The Level 4 Automation And Controls Engineering Technician, and the 1 provider delivering it.

Roles after completion

Completers typically step into an Automation and Controls Engineering Technician role, working on PLC programming, HMI and SCADA configuration, fault diagnosis, and industrial network support. In a manufacturing or utilities setting this means keeping automated production or process systems running; in a service provider or OEM environment it means commissioning and supporting systems at customer sites. Both routes involve working with real hardware, from control panels to robotic cells, and taking direct responsibility for system availability.

Progression paths

With three to five years of experience, technicians commonly move into senior automation technician or automation engineer positions, taking on more complex projects and greater site or customer responsibility. From there, two tracks tend to open up: a technical specialist route into roles such as Controls Engineer, Systems Integration Engineer, or Automation Project Engineer; and a leadership route toward Engineering Team Leader or Maintenance Manager. Those in service provision often progress toward Field Service Engineer or Technical Sales Engineer, where deep product knowledge becomes the core value.

Where these roles sit

Demand sits across a wide range of UK industries. Food and drink, pharmaceutical, automotive, oil and gas, and logistics operations all rely on these skills in-house. Systems integrators, OEMs, and specialist field service companies also hire at this level, typically as client-facing engineers. Employers range from large multinationals with centralised engineering functions to SMEs where technicians carry broader responsibility from early on. Both private sector manufacturing firms and regulated utilities recruit into this occupation.

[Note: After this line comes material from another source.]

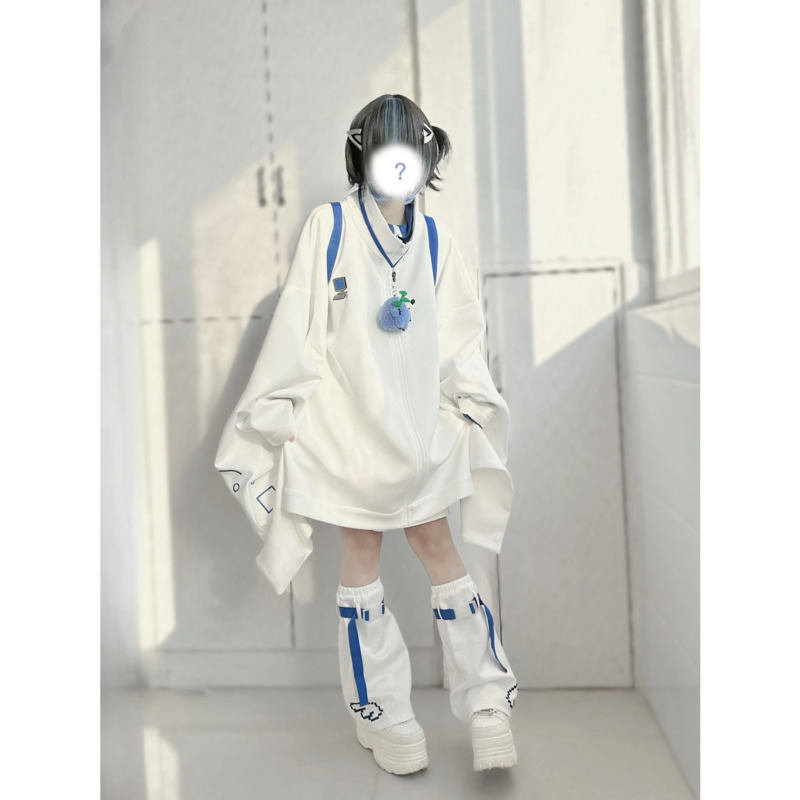 Veste Japonaise à Manches Larges pour Femme, Manteau à Fermeture Éclair, Solide, Décontracté, Polyvalent, à la Mode, Printemps Automne 2024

How the apprenticeship is assessed

Throughout the apprenticeship, the learner builds competence on the job, covering the technical knowledge and practical skills the role demands, from PLC and HMI programming to industrial network configuration, fault finding, and safe working in industrial environments. Before final assessment, both the employer and training provider must confirm the apprentice is ready, a stage commonly called the gateway. Passing this readiness check means the apprentice can demonstrate the full range of knowledge, skills, and behaviours expected of a competent automation and controls engineering technician. Assessment models for many standards are currently being updated, so check the standard's gov.uk page for the current specification.

What learners need to prepare

Keeping detailed records throughout the programme makes a significant difference at assessment. Learners should capture real workplace evidence as it happens: documented fault-finding activities, commissioning records, risk assessments, network configuration work, and examples of how they have applied safety procedures. Waiting until close to the end to gather evidence creates unnecessary pressure. Regular reviews with the employer and training provider help track progress against the knowledge, skills, and behaviours, and give time to address any gaps before the gateway readiness check.

What good looks like

Look for providers who can demonstrate hands-on access to current automation hardware: physical PLC rigs, HMI panels, VSD equipment and industrial network infrastructure such as PROFINET or PROFIBUS. Achievement rates above 65% are a reasonable baseline for a technically demanding four-year programme; above 75% suggests consistent delivery. Employer satisfaction scores matter here because much of the practical competency (fault finding, commissioning, safe isolation) is developed on-site, so the provider needs to run meaningful employer engagement rather than leaving workplace learning to chance. Ask to see the specific PLC platforms and robot systems apprentices work with.

Red flags to watch for

Be cautious of providers whose training facilities lean heavily on simulation software without any physical control panel or wiring work. If a provider cannot name the PLC vendors, industrial network protocols or diagnostic tools their programme covers, that is a gap. Declining achievement rates on FATP profiles, combined with high cohort volumes, can indicate stretched delivery capacity. Vague answers about how off-the-job training integrates with employer site activities suggest the programme may not translate well to real commissioning or fault-finding environments. Check whether reviews mention practical lab time specifically.

Questions to ask before you commit

• Which PLC platforms (for example Siemens, Allen-Bradley, Mitsubishi) does the programme cover, and do apprentices work on physical hardware or primarily simulation software?
• How does the curriculum address industrial networking protocols such as PROFINET, PROFIBUS and Modbus, and what diagnostic tools do apprentices use in training?
• What does off-the-job training look like across the 48 months, and how is it structured around shift patterns or site availability?
• How do you support apprentices whose employer site covers only one sector (for example food manufacturing) to gain exposure to the wider range of automation environments referenced in the standard?
• Can you share your current achievement rate for this standard and explain any trend over the past two years?
• What experience do your trainers have working directly with industrial automation systems, and how recently have they held industry roles?
• How do you handle functional safety content, including SIL and Performance Level terminology, and is this covered in a practical context?